"If you are not embarrassed by the first version of your product, you’ve launched too late."
On Monday I released predict.i2pi.com, a statistical learning web service. Designed to deal with common classification and regression problems, it takes input data in the form of a CSV file and returns to the end user a set of predictive models. For example, if you have a list of store locations, local weather data, and store revenue, you could use the service to see if location and weather impact store revenue. predict.i2pi tries to determine whether predictions are possible by running your data against a growing number of user contributed statistical learning algorithms and finding the ones that work best with your data.
In planning this I went through a range of features, bells and whistles but have decided to strip it all back. This is the simplest thing I could build to support what I wanted. It takes a file, runs predictive algorithms against the file, and returns performance measures. Data and predictions.
The data provided is expected to be in the form of a number of observations, with one observation per row. Each column contains measurements for these observations. One or more of the measurements we are interested in predicting. For example:
|| /----- Response Variables (dentoed by *)
X1, X2, X3, Name, Date, *Y
12.3, 13.4, 8.32, Terry, 2008-10-12, 736.0
9.3, 34.1, 1.21, Josh, 2008-10-12, NA <-- NB: NA response variables will have
... ... ... ... ... ... will have predictions available
8.7, 38.7, 8.17, Jess, 2009-01-07, 1823.1 subsequent download.
Data may include observations for which we do not know the response. These observations can be included, with the response left blank. Once satistfactory models are found, end users can download spreadsheets containing our best predictions for that data. On my todo list is adding confidence intervals to these values.
Once uploaded we try to best detect the following data types:
- Numeric (floating point numbers)
- Dates (YYYY-MM-DD works best)
- String Factors (e.g., State or letter scores)
- Text (longer text than factors, with analytic interpretation as language text instead of as factors)
Internally, predict.i2pi performs a standard test / training protocol. Data is loaded and a random half of that data is used to train the learning algorithm. The remaining half is used to test how good the learned algorithm works against previously unseen data. Robust algorithms will do almost as well on the test as during training, while less robust approaches will lead to far poorer performance during testing. The system continues this process of picking a training sample, training and the testing as many times as possible in an allotted time. During each of these cycles, predictions are tested against the actual responses in the corresponding observation. Performance is then measured using the R-squared metric for regressions and simple classification accuracy for classification problems. The system supports user defined performance measures with the goal being to let those who supply data decide on which performance measure is best for their application. However, at the moment I’m concentrating on opening up the ability for users to upload their own learning algorithms.

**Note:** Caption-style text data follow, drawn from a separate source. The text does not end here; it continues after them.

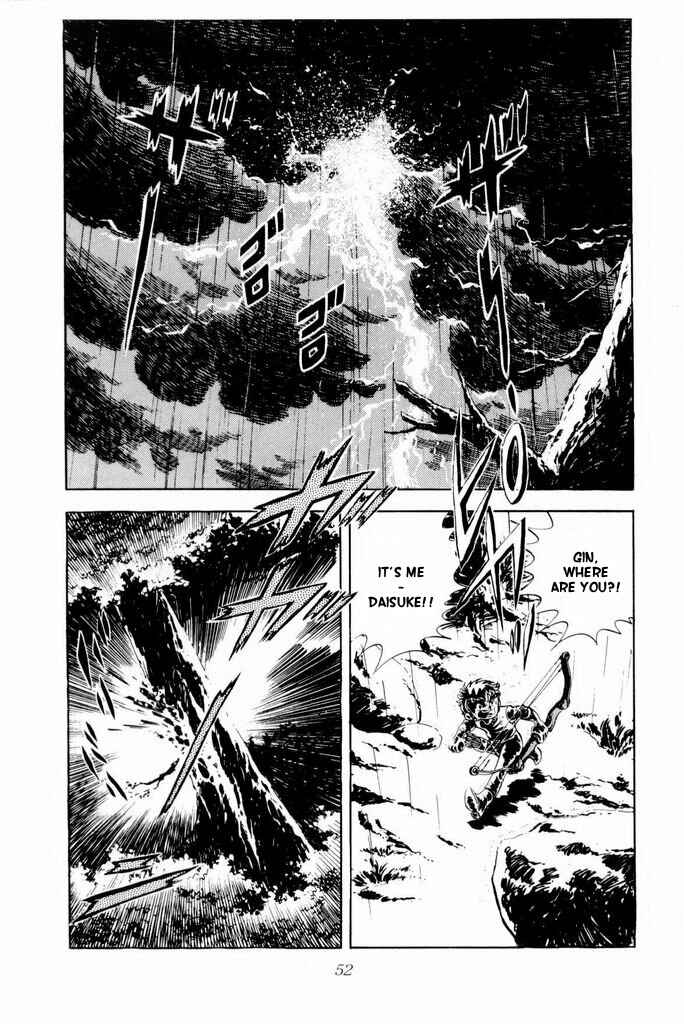Silver Fang – The Shooting Star Gin – Chapter 15 - Page 8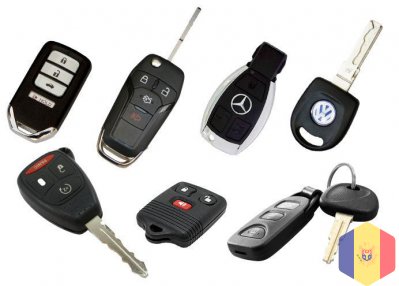 Автоэлетрик. Ключи/ замки. Иммобилайзеры. Чип-тюнинг. Установка доп.оборудования. Шумоизоляция.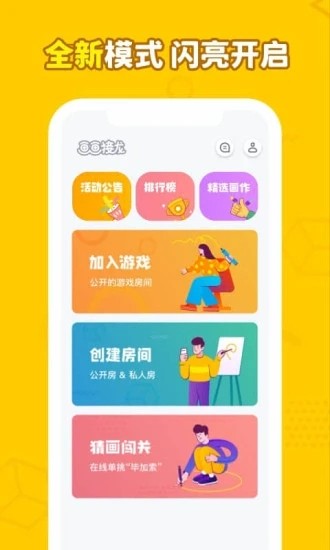 画画接龙手机版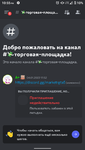 Screenshot_20231006-225532.png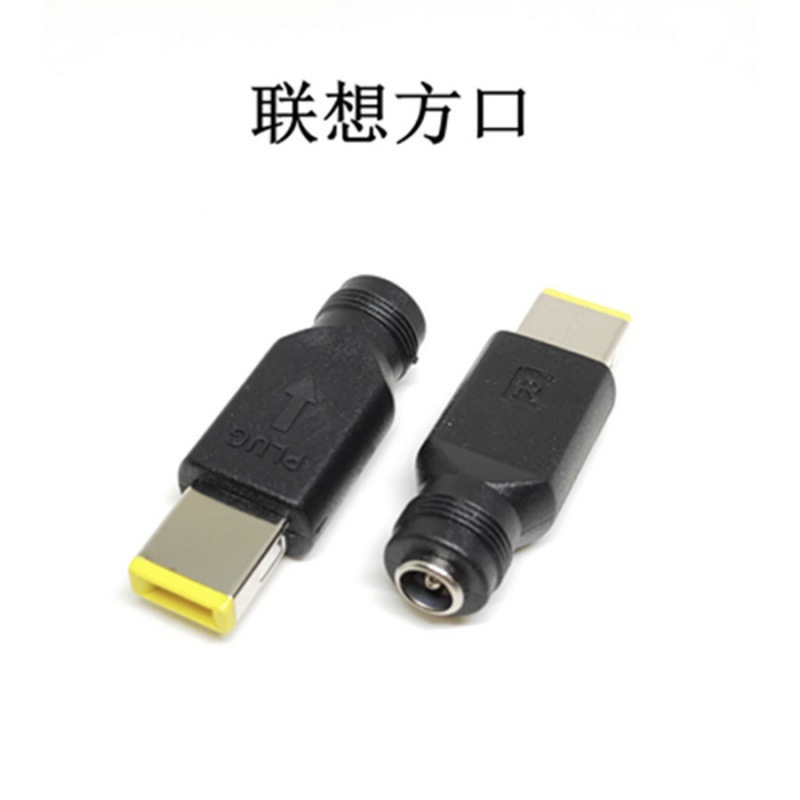 工厂现货 电脑电源适配器DC转换头 5.5母头转大方口电源转接插头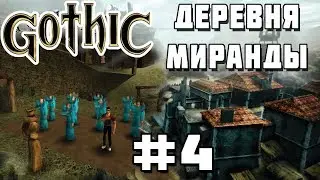 Прохождение Gothic мод [Деревня Миранды] [#4] Мод сломался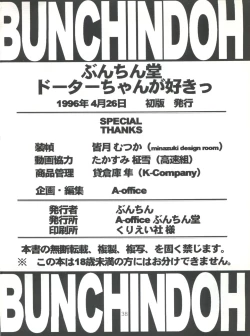 Page 37 of Dotta-chan ga Suki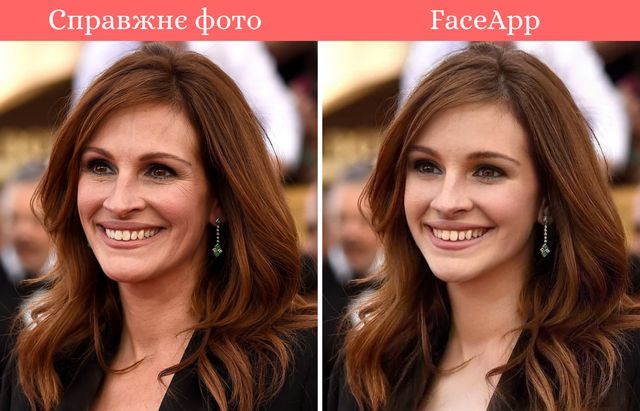 Чи працює Face App? Ми зістарили фото юних зірок і порівняли з реальними - фото 341359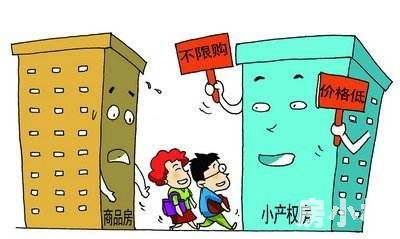 為什么會有人建議在深圳先買小產權房過度？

Currently learning algorithms are specified in small snippets of R code that can be dynamically loaded into the main R subsystem that is responsible for coordinating training cycles. See, for example, rpart.R which links in a recursive partitioning algorithm from the rpart library.
All learning algorithms must contain two function definitions:
myModel takes a model formula and data, returning a model object that can be used to make predictions against new data.
myPredict takes two parameters, the model object returned by
myModel and a set of data that may not have been seen during training. We call the prediction function with one randomly ordered half of the data for training. For testing, we provide
myPredict with the model object generated from the training set, but provide it with the as yet unseen testing portion of the data.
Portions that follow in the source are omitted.